Сдержав обещание я выдержал несколько лет унижений и разочарований и поехал на север строить магистраль через Урал к Ямалу, и теперь я сижу перед тобой и рассказываю все эти вещи.

Закончив, он одним глотком выпил полный бокал вина и налил себе снова, с каким-то особенным вниманием наблюдая за волнующейся и поблескивающей гладью маленького рубинового озерца, заключенного в тонкие, хрустальные берега.

- Значит тюрьма вас так и не исправила, Александр Михайлович? – спросил я машинально, задним числом продолжая сомневаться не в сговоре ли он с отцом Дашеньки.

- Нисколько, - бросил он и хитро улыбнулся – я знаешь ли, как думаю, Санька. Никому эти тюрьмы не нужны, нет в них ровным счетом никакого смысла.

- То есть как это?! – удивился я.

- А все очень просто. Убил один другого и его за этим поймали. Усадили на скамью подсудимых, но вместо того, чтобы в клетку запереть взяли и на свободу отпустили. Иди, но только знай, мы за тобой следим, а еще раз покусишься на чью-нибудь жизнь, тебя казнят. Не знаю, как ты, но я свято верю, что раскаяние возможно лишь в условиях привычных для человека, с сохранением за ним всех имеющихся прав.

-А если он снова убьет? Ведь избежав наказания он может не бог весть, что о себе подумать.

- Справедливое замечание, но если человек не раскаялся самим злодеянием, то способен ли он вообще на это?

- Думаю, что нет, но ведь это такой риск.

- Как и вся наша жизнь, но только когда человека на Луну отправляли, то с этим никто не считался.
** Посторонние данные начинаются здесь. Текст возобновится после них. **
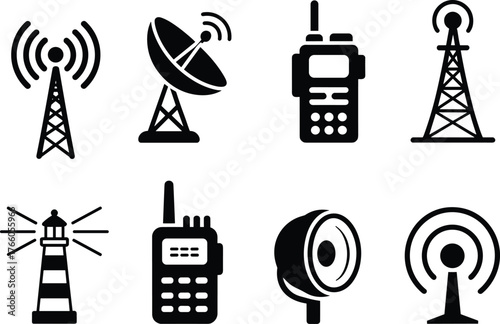 PrintCommunication device icons, signal transmission silhouettes, radio tower, satellite dish, walkie-talkie, lighthouse, surveillance camera, vector graphic, broadcast tools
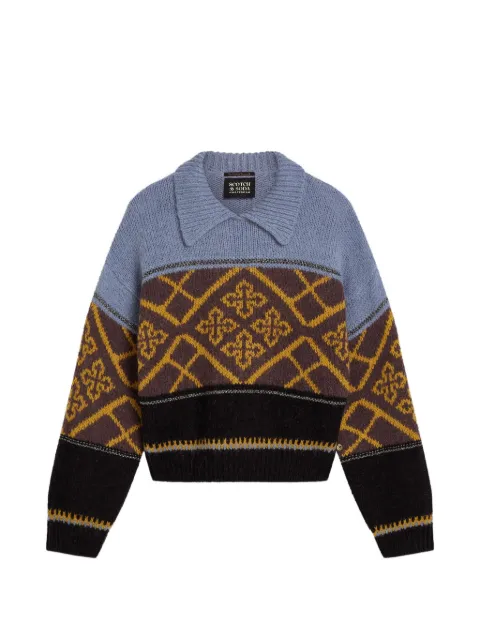 Scotch & Soda jacquard-knit collar sweater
Когда речь идет о тщеславии людском, то риск всегда оправдан, спасение же душ всегда столь сомнительно, что лучше пользоваться старым добрым способом гноить людей заживо. Разве ты не видишь противоречия?

Мы еще немножко поговорили и Александр Михайлович, моля меня не ревновать к нему Дашеньку, ушел к себе. Я же вернувшись в кухню, безостановочно курил папиросы и ломал себе голову над тем, кто же этот человек на самом деле.

С одной стороны, он был нашим защитником, добрым дядей Сашей, к которому всегда можно было обратиться за помощью, а с другой этот человек был убийцей, и кто знает какие у него были виды на нас, на двух беззащитных детей. Дашеньке я решил ничего не говорить, потому как она могла бы подумать, что все это домыслы, порожденные моей ревностью. Но более меня страшило то, что могло бы произойти, поверь она моим словам. Её холодность, жестокость, этот маниакальный скептицизм, могли бы породить нечто ужасное. Очередное разочарование укрепило бы её во мнении, что она права относясь с подозрением ко всему на свете.

Но как бы меня не напугала история нашего соседа, я почему-то верил в то, что он говорил о раскаянии и исправлении. Казалось, что он очень привязался к нам, и все эти каждодневные встречи были для него великой отрадой. Поверив же моему пересказу, Дашенька могла отказаться впускать Александра Михайловича, и я чувствовал, что это доставило бы ему боль.

Я верил ему и боялся его, но так ничего и не решив, ушел с кухни. Устроившись на диване и стараясь не потревожить сна своей подруги я осторожно обнял Дашеньку, постоянно дергающуюся в судорогах, словно от боли, обрушивающихся на неё из неоткуда ударов. В её тяжелом дыхании не было ответа, разрешающего моего сомнения, и я устав от опрокинутой на мою голову чужой жизни закрыл глаза.